_The problem_: For the entries below, print exactly the lines between the line holding "50cm wedding flower" and the line holding "Elegant Gold Chain", inclusive, and nothing else.

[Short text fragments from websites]

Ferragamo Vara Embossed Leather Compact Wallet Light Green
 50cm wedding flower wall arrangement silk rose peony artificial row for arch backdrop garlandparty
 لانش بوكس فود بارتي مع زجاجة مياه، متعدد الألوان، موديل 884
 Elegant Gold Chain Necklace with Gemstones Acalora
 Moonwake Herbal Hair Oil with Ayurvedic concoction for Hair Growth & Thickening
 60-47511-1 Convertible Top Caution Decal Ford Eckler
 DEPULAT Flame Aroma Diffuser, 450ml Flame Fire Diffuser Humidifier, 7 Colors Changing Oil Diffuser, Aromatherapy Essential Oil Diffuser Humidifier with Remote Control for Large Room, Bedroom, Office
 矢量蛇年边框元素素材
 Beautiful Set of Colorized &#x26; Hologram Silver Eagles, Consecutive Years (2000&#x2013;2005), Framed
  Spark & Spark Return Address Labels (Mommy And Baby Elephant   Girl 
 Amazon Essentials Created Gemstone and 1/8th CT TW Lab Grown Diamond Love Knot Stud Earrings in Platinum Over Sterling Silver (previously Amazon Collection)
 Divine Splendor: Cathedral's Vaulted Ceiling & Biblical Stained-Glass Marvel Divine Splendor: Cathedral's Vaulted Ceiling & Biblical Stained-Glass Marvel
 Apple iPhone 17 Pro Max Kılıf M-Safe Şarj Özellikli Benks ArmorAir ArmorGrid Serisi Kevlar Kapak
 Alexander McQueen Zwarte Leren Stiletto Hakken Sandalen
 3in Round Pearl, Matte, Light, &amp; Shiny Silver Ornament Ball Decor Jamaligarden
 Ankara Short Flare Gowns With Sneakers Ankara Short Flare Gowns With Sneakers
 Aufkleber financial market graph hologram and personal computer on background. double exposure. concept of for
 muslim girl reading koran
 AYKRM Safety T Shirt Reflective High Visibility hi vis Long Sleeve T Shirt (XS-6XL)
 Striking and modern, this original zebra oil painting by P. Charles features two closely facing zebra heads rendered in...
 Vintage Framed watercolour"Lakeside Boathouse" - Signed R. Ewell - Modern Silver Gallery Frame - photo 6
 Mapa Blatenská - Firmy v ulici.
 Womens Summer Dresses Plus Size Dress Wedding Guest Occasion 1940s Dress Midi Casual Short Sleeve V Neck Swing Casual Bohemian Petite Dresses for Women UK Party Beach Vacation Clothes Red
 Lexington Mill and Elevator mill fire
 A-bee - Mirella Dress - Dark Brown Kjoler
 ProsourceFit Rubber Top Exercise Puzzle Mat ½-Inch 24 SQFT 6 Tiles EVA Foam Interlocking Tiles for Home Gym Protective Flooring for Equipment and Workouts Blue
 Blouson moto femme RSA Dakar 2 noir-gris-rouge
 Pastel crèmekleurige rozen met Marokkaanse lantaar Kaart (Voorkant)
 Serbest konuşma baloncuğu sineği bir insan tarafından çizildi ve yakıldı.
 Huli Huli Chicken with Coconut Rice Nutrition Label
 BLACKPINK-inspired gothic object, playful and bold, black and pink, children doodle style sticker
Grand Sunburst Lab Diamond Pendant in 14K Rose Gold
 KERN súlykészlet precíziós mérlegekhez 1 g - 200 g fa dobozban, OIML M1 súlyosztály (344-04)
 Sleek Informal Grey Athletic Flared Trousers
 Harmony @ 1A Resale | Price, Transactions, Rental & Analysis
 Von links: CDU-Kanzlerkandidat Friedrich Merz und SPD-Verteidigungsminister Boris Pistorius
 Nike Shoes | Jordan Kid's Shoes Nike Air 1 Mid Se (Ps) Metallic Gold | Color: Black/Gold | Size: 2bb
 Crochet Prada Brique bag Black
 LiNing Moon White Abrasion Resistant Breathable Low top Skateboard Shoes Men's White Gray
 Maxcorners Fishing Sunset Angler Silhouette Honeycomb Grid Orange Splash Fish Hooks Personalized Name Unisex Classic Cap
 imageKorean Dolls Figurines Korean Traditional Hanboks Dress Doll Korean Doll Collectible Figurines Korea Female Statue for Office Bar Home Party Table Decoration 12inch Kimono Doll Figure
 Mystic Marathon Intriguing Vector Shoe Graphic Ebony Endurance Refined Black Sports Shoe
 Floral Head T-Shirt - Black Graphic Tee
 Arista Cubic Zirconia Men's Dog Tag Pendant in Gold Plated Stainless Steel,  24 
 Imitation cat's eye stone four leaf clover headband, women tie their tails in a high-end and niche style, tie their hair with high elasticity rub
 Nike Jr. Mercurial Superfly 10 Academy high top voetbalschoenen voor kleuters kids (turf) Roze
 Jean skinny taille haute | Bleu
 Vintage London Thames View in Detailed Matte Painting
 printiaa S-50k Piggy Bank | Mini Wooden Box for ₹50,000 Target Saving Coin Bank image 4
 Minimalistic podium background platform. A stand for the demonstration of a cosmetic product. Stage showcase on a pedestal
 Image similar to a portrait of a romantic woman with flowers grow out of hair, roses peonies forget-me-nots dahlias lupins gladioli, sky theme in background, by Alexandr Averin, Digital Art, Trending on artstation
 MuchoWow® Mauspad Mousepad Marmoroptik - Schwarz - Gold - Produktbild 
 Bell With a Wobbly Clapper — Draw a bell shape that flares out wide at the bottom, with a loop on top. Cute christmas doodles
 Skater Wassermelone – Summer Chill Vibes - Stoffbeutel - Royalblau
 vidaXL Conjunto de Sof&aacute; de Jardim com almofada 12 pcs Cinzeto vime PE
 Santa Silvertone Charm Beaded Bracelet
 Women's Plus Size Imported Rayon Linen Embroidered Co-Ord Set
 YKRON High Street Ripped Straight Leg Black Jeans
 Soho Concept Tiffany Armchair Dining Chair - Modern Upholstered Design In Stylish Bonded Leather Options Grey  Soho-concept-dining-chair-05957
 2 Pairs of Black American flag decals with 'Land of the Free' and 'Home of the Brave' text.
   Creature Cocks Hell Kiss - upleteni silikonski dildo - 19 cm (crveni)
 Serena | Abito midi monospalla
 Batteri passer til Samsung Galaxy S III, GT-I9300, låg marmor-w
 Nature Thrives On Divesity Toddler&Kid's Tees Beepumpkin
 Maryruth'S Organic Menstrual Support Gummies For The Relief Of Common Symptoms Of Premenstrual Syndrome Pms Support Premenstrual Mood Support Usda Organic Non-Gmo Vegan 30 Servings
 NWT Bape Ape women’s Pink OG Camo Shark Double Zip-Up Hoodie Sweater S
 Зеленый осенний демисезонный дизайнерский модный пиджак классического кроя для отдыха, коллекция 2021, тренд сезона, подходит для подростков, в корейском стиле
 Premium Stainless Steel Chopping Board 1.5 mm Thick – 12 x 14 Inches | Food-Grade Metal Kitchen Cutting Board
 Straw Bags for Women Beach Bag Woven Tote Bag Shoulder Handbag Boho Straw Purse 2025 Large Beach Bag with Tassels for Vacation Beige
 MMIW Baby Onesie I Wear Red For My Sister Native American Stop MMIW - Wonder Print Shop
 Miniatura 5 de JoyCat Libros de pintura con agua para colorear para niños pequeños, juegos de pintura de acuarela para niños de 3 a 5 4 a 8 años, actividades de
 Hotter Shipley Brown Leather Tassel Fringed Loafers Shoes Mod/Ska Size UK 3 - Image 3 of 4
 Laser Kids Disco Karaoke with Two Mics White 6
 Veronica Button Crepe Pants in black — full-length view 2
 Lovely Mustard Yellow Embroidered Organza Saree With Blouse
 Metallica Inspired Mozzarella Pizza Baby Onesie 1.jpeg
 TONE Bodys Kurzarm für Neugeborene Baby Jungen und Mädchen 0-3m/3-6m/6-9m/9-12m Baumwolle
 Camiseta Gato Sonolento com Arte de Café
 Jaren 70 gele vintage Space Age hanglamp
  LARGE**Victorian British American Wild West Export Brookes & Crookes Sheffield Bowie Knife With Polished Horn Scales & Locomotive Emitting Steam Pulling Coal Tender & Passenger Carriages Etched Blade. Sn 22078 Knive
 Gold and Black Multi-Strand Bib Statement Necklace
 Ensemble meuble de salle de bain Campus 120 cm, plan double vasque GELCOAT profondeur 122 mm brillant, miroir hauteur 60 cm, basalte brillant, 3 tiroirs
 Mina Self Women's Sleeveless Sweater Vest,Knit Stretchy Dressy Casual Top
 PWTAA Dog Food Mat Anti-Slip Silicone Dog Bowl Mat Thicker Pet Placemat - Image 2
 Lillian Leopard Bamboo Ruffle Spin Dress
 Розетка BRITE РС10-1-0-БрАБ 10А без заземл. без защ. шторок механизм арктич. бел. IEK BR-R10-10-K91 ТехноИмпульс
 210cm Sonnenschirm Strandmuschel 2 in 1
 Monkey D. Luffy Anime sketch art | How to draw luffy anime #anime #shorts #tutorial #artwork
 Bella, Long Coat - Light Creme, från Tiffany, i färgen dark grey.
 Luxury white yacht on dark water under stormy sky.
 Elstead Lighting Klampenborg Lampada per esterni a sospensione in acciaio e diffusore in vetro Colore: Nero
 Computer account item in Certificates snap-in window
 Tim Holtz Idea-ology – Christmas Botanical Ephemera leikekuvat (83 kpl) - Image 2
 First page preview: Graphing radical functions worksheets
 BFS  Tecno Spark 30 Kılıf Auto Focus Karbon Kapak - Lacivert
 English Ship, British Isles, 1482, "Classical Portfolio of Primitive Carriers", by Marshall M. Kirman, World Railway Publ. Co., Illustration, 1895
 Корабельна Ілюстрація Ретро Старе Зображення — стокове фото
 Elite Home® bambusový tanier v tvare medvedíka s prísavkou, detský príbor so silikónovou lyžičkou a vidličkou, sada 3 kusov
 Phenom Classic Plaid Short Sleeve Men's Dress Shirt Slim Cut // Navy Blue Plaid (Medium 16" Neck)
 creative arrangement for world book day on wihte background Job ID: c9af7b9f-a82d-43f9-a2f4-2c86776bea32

_Task result_:
 50cm wedding flower wall arrangement silk rose peony artificial row for arch backdrop garlandparty
 لانش بوكس فود بارتي مع زجاجة مياه، متعدد الألوان، موديل 884
 Elegant Gold Chain Necklace with Gemstones Acalora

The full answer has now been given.